> [COLLECTED DATA]:
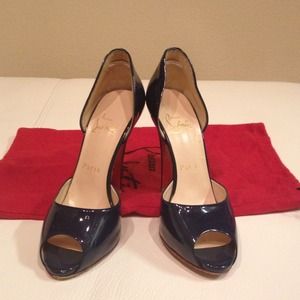 *SOLD* Navy patent leather Christian Louboutins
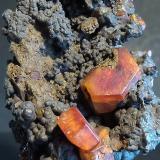 Vanadinita sobre GoethitaTaouz, Provincia Er Rachidia, Región Drâa-Tafilalet, Marruecos9 x 3 x 3 cm. (Autor: Felipe Abolafia)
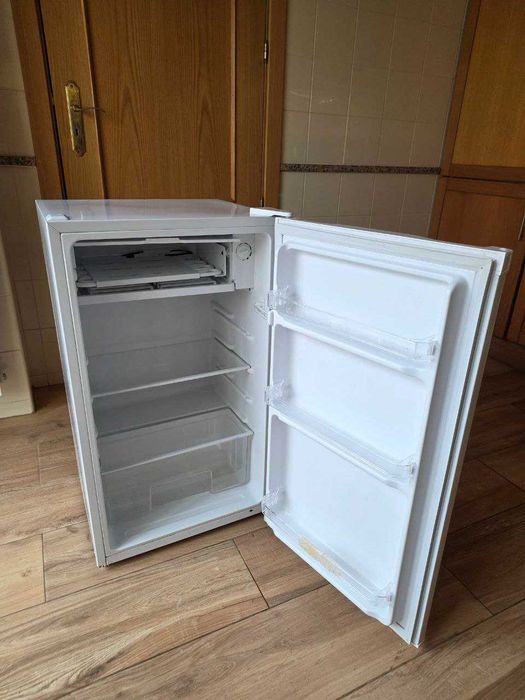 Selecline Compact Frigorifico 80/47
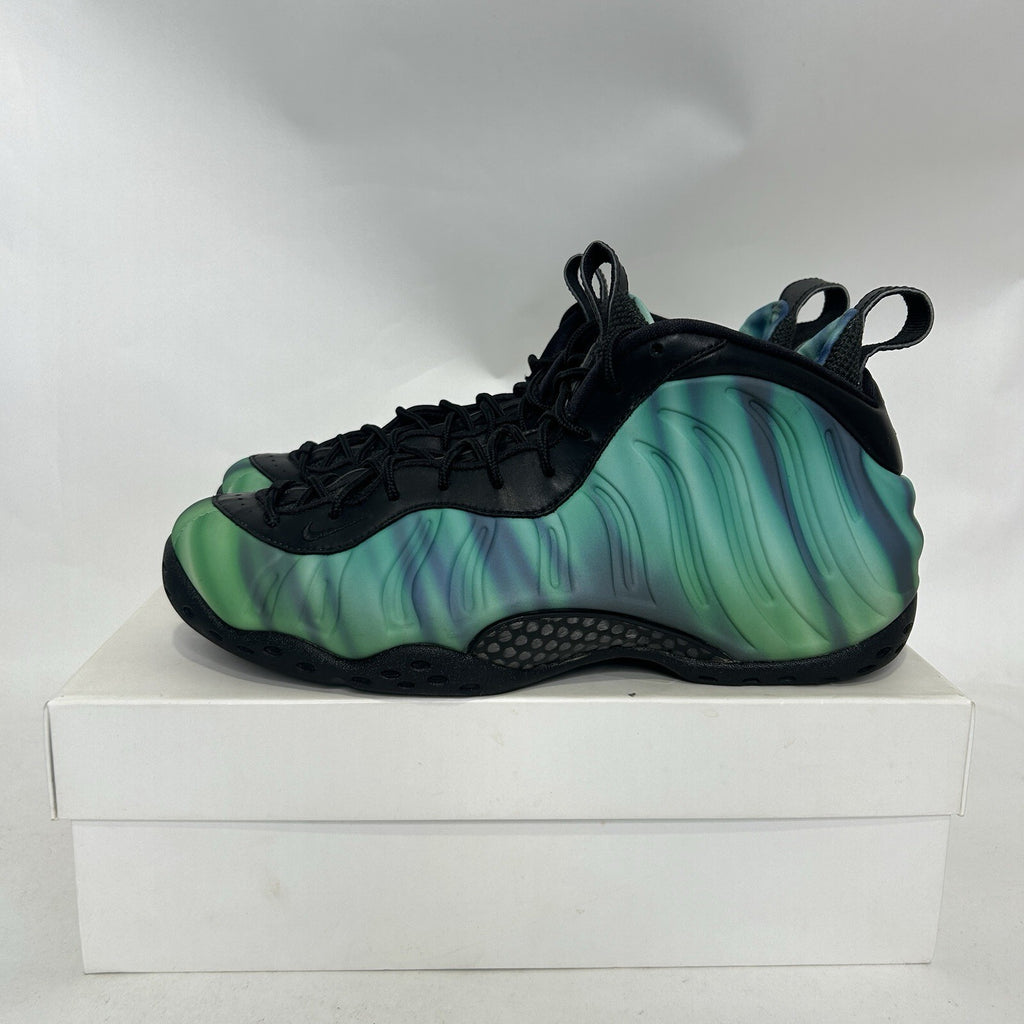 Nike Air Foamposite One “Northern Lights/Black Green” 840559-001 Men's 9.5 Worn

> [PROBLEM]:
Extract the run of lines beginning with the line that holds "Selecline Compact Frigorifico 80/47" and ending at the last line of the data, inclusive. Exclude any pictures from the copy.

> [RESULT OF THIS TASK]:
 Selecline Compact Frigorifico 80/47
 Nike Air Foamposite One “Northern Lights/Black Green” 840559-001 Men's 9.5 Worn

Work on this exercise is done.